» WORK REQUEST
Your job is to restate each entry word for word.

» DATA SECTION
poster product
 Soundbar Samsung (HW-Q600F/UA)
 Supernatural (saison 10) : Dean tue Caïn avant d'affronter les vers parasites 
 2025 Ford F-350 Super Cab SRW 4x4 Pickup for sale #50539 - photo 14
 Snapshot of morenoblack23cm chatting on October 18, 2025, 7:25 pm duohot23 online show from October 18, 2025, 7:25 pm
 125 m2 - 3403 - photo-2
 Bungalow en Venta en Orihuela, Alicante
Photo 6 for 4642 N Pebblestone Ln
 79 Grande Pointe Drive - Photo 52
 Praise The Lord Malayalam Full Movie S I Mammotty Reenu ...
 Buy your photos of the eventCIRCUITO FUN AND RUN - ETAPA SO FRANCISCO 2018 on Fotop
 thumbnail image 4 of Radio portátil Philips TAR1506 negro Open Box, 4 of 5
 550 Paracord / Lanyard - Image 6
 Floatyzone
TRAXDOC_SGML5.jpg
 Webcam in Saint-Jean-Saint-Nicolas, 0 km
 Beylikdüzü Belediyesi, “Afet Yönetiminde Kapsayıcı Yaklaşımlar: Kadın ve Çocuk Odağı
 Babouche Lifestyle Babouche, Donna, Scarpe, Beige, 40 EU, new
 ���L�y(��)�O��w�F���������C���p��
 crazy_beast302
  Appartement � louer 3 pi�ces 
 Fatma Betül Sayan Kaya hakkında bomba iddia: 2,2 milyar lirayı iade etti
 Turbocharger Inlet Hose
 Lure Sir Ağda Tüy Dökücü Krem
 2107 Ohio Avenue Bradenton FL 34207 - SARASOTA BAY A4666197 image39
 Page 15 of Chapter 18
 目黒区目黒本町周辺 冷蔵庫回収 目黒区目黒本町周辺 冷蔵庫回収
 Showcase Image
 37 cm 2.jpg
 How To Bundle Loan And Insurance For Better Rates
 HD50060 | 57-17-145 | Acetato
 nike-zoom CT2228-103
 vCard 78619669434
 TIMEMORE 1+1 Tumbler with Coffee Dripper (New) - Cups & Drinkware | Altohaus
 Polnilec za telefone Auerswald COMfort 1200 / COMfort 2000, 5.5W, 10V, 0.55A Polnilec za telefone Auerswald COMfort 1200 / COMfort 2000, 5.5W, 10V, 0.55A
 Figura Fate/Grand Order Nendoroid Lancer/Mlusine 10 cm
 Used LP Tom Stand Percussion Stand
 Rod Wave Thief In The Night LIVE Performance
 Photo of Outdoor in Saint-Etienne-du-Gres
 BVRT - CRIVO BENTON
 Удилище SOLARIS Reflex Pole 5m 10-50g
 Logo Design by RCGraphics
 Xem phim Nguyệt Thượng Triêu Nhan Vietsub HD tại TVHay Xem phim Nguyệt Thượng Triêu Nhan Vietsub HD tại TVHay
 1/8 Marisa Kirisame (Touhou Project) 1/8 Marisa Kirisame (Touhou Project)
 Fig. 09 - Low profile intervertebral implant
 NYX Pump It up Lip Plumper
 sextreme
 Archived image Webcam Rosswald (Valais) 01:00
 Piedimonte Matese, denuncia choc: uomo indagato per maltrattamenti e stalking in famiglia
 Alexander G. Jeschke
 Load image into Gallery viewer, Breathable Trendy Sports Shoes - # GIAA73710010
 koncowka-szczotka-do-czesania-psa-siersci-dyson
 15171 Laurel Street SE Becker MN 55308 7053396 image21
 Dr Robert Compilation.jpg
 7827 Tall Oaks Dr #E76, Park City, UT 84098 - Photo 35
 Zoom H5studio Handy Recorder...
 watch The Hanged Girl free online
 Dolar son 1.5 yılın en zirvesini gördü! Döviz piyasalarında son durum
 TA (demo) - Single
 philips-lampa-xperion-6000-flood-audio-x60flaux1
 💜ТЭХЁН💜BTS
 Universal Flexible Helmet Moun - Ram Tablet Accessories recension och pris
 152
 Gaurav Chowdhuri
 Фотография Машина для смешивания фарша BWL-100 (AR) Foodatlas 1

» SOLUTION TO THIS EXERCISE
poster product
 Soundbar Samsung (HW-Q600F/UA)
 Supernatural (saison 10) : Dean tue Caïn avant d'affronter les vers parasites 
 2025 Ford F-350 Super Cab SRW 4x4 Pickup for sale #50539 - photo 14
 Snapshot of morenoblack23cm chatting on October 18, 2025, 7:25 pm duohot23 online show from October 18, 2025, 7:25 pm
 125 m2 - 3403 - photo-2
 Bungalow en Venta en Orihuela, Alicante
Photo 6 for 4642 N Pebblestone Ln
 79 Grande Pointe Drive - Photo 52
 Praise The Lord Malayalam Full Movie S I Mammotty Reenu ...
 Buy your photos of the eventCIRCUITO FUN AND RUN - ETAPA SO FRANCISCO 2018 on Fotop
 thumbnail image 4 of Radio portátil Philips TAR1506 negro Open Box, 4 of 5
 550 Paracord / Lanyard - Image 6
 Floatyzone
TRAXDOC_SGML5.jpg
 Webcam in Saint-Jean-Saint-Nicolas, 0 km
 Beylikdüzü Belediyesi, “Afet Yönetiminde Kapsayıcı Yaklaşımlar: Kadın ve Çocuk Odağı
 Babouche Lifestyle Babouche, Donna, Scarpe, Beige, 40 EU, new
 ���L�y(��)�O��w�F���������C���p��
 crazy_beast302
  Appartement � louer 3 pi�ces 
 Fatma Betül Sayan Kaya hakkında bomba iddia: 2,2 milyar lirayı iade etti
 Turbocharger Inlet Hose
 Lure Sir Ağda Tüy Dökücü Krem
 2107 Ohio Avenue Bradenton FL 34207 - SARASOTA BAY A4666197 image39
 Page 15 of Chapter 18
 目黒区目黒本町周辺 冷蔵庫回収 目黒区目黒本町周辺 冷蔵庫回収
 Showcase Image
 37 cm 2.jpg
 How To Bundle Loan And Insurance For Better Rates
 HD50060 | 57-17-145 | Acetato
 nike-zoom CT2228-103
 vCard 78619669434
 TIMEMORE 1+1 Tumbler with Coffee Dripper (New) - Cups & Drinkware | Altohaus
 Polnilec za telefone Auerswald COMfort 1200 / COMfort 2000, 5.5W, 10V, 0.55A Polnilec za telefone Auerswald COMfort 1200 / COMfort 2000, 5.5W, 10V, 0.55A
 Figura Fate/Grand Order Nendoroid Lancer/Mlusine 10 cm
 Used LP Tom Stand Percussion Stand
 Rod Wave Thief In The Night LIVE Performance
 Photo of Outdoor in Saint-Etienne-du-Gres
 BVRT - CRIVO BENTON
 Удилище SOLARIS Reflex Pole 5m 10-50g
 Logo Design by RCGraphics
 Xem phim Nguyệt Thượng Triêu Nhan Vietsub HD tại TVHay Xem phim Nguyệt Thượng Triêu Nhan Vietsub HD tại TVHay
 1/8 Marisa Kirisame (Touhou Project) 1/8 Marisa Kirisame (Touhou Project)
 Fig. 09 - Low profile intervertebral implant
 NYX Pump It up Lip Plumper
 sextreme
 Archived image Webcam Rosswald (Valais) 01:00
 Piedimonte Matese, denuncia choc: uomo indagato per maltrattamenti e stalking in famiglia
 Alexander G. Jeschke
 Load image into Gallery viewer, Breathable Trendy Sports Shoes - # GIAA73710010
 koncowka-szczotka-do-czesania-psa-siersci-dyson
 15171 Laurel Street SE Becker MN 55308 7053396 image21
 Dr Robert Compilation.jpg
 7827 Tall Oaks Dr #E76, Park City, UT 84098 - Photo 35
 Zoom H5studio Handy Recorder...
 watch The Hanged Girl free online
 Dolar son 1.5 yılın en zirvesini gördü! Döviz piyasalarında son durum
 TA (demo) - Single
 philips-lampa-xperion-6000-flood-audio-x60flaux1
 💜ТЭХЁН💜BTS
 Universal Flexible Helmet Moun - Ram Tablet Accessories recension och pris
 152
 Gaurav Chowdhuri
 Фотография Машина для смешивания фарша BWL-100 (AR) Foodatlas 1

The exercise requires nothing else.